En mai 1998, Innocent lance la version 2.0 de son site, sans savoir qu’une plainte a été déposée et que les gendarmes sont à sa recherche. En juillet, les autorités suisses obtiennent la fermeture du site aux Etats-Unis. Innocent déménage.
Plébiscité par ses lecteurs, Innocent lance la version 2.0 de son site le 1er mai 1998. L’habillage est rafraîchi et la couverture satirique s’élargit à l’ensemble de l’actualité. Innocent se familiarise avec les logiciels de traitement photographique et agrémente le site de photomontages plus ou moins réussis.
Nous sommes en juin 1998. Innocent ne sait pas que depuis trois mois, la police genevoise est à ses trousses et qu’une plainte pour diffamation a été déposée. C’est le 10 mars 1998 que Guy Mettan, ancien rédacteur en chef de la Tribune de Genève, a porté plainte contre X, éditeur du site anonyme connu sous le nom d’Innocent. Première mission de la police: trouver X. L’investigation se déroule dans le plus grand secret.
Les effets de l’enquête policière ne deviennent visibles qu’au début du mois de juillet lorsque, d’un jour à l’autre, l’adresse suisse d’Innocent (www.siteinnocent.ch) ne répond plus. Innocent interroge électroniquement l’homme de paille chargé de rediriger cette adresse suisse vers le site gratuit Geocities. L’intermédiaire reste longtemps évasif, puis finit par avouer qu’il a supprimé le redirectionnement de l’adresse après avoir été interrogé par la police au sujet d’Innocent.
A cette date, Innocent croit encore qu’il s’agit d’un canular de l’homme de paille. Mais dans la nuit du 6 juillet, coup de théâtre: le site est bouclé aux Etats-Unis. Un courrier électronique du département juridique de Geocities indique que les fichiers du site Innocent contiennent des propos haineux et qu’ils ont été retirés du serveur. On apprendra plus tard – dans La Liberté – que la police genevoise a demandé la fermeture du site à Geocities.
De retour d’une soirée en boîte, l’un des instigateurs d’Innocent s’aperçoit au petit matin que le site ne répond plus. Il décide de recharger immédiatement les fichiers sur une autre adresse de Geocities. Dans la foulée, un nouveau redirectionneur est mis en place: http://innocent.iscool.net. Si les représailles policières continuent aux Etats-Unis, Innocent pourra continuer à déménager sans devoir annoncer à chaque fois une nouvelle adresse.

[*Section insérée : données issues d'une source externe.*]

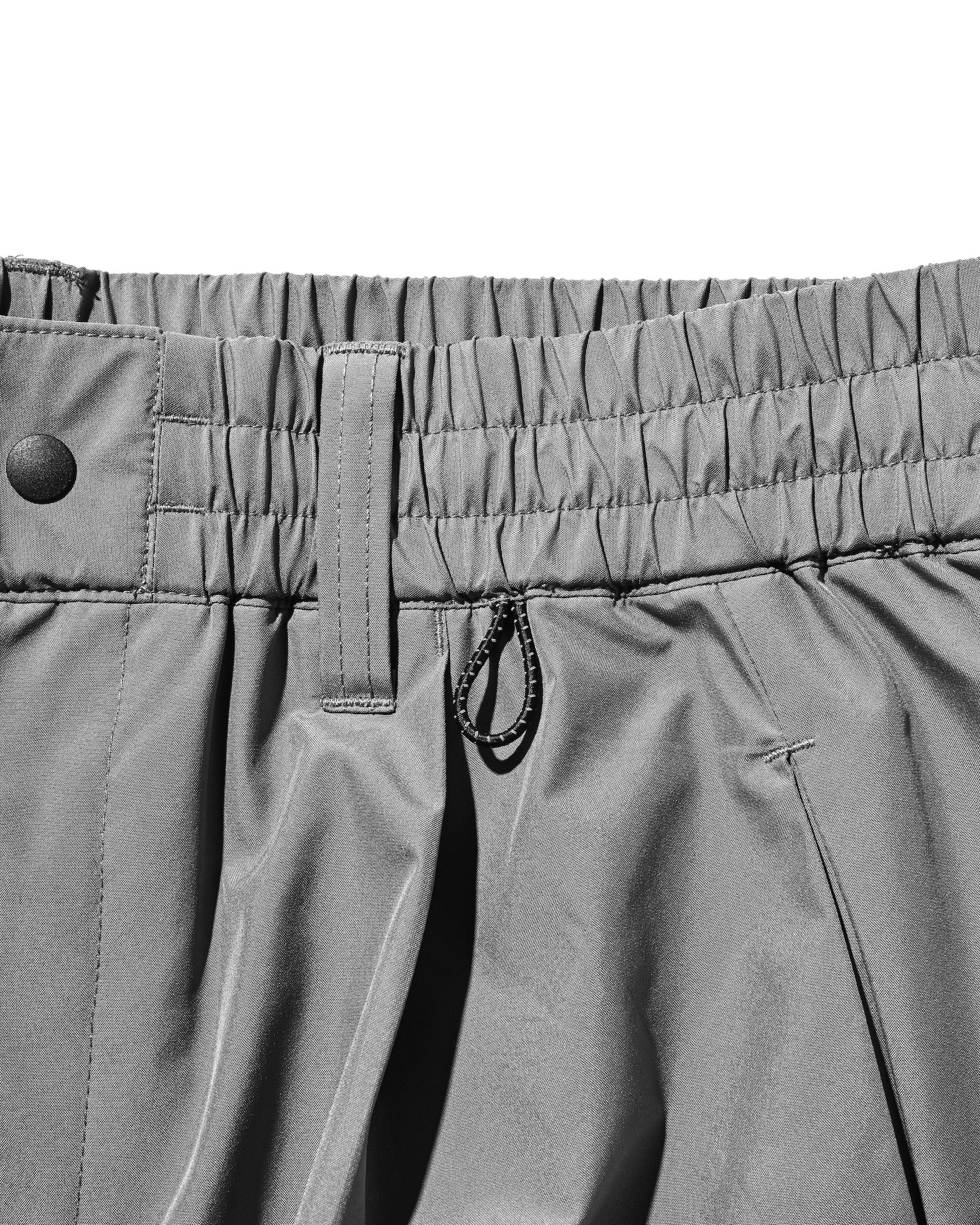 【1.31 SAT 20:00- IN STOCK】+phenix WINDSTOPPER® by GORE-TEX LABS CITY BARREL LEG PANTS (CHARCOAL GRAY)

A 7 heures du matin, les fichiers sont tous transférés et le site Innocent est ressuscité. Un communiqué anonymisé annonce la nouvelle adresse à tous les médias et explique que le site a été bouclé. Les journalistes sont invités à enquêter sur cette affaire. Ils ne se feront pas prier.
Le communiqué arrive notamment au Temps. Présenté à la séance du matin, le sujet passionne la rédaction. Ironiquement, l’enquête est confiée à la rubrique Communication, dont personne ou presque ne sait que les deux instigateurs d’Innocent y travaillent. Les deux journalistes ne peuvent pas s’y soustraire. Ils appellent la police genevoise, qui refuse dans un premier temps de confirmer qu’une plainte a été déposée. «Je ne peux pas vous le dire maintenant, rappelez-moi dans l’après-midi», affirme le porte-parole qui prétend que les fichiers sont gigantesques et qu’il faut beaucoup de temps pour retrouver un tel renseignement…

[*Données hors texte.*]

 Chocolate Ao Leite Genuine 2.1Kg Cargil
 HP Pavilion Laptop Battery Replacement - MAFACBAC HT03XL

La police soupçonne-t-elle qu’un ou plusieurs journalistes se cachent derrière Innocent? Essaie-t-elle de se servir de son porte-parole pour les besoins de l’enquête? La situation reste peu claire et Innocent redouble donc de prudence.
Les deux journalistes poursuivent leur enquête en appelant l’homme de paille, dont le nom figure dans le registre des adresses internet. Sait-il quelque chose à propos d’Innocent? A-t-il vu la police? Quand? Pourquoi? La simplicité des questions du journaliste appelle des réponses courtes et directes. Au lieu de cela, l’homme de paille accumule les contradictions et les propos incohérents. Surtout, il se met à poser lui-même des questions: «Et vous, vous le connaissez, Innocent?» Un policier se tient-il derrière lui? A-t-il reçu des instructions? Innocent ne prend aucun risque et termine prudemment la communication.

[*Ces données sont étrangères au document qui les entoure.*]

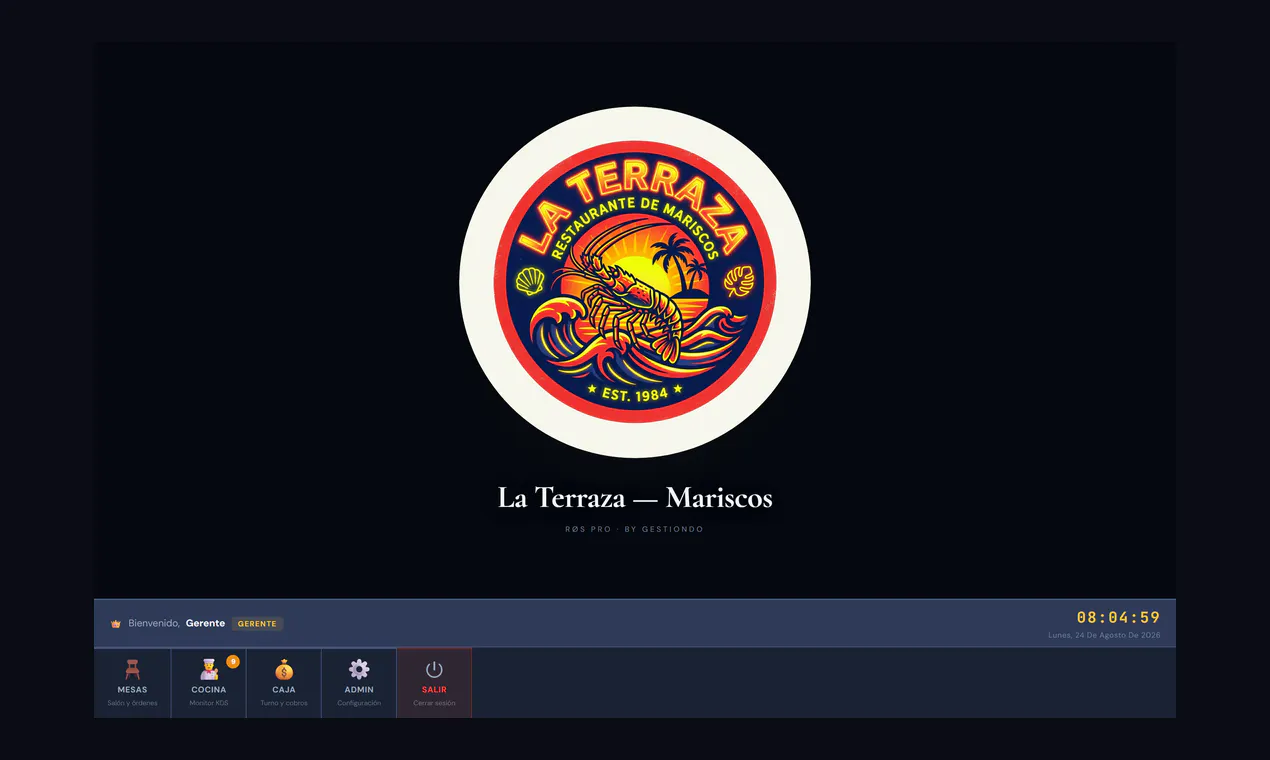 RestaurantOS Pro gallery image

Dans l’après-midi, la police finit par confirmer qu’une plainte pour diffamation a été déposée mais refuse de révéler l’identité du plaignant. Dans l’édition du 9 juillet du Temps, les deux instigateurs d’Innocent cosignent l’article qui raconte l’affaire.
Poursuivi par la justice de son pays, Innocent ne cessera pas son combat pour la liberté d’expression.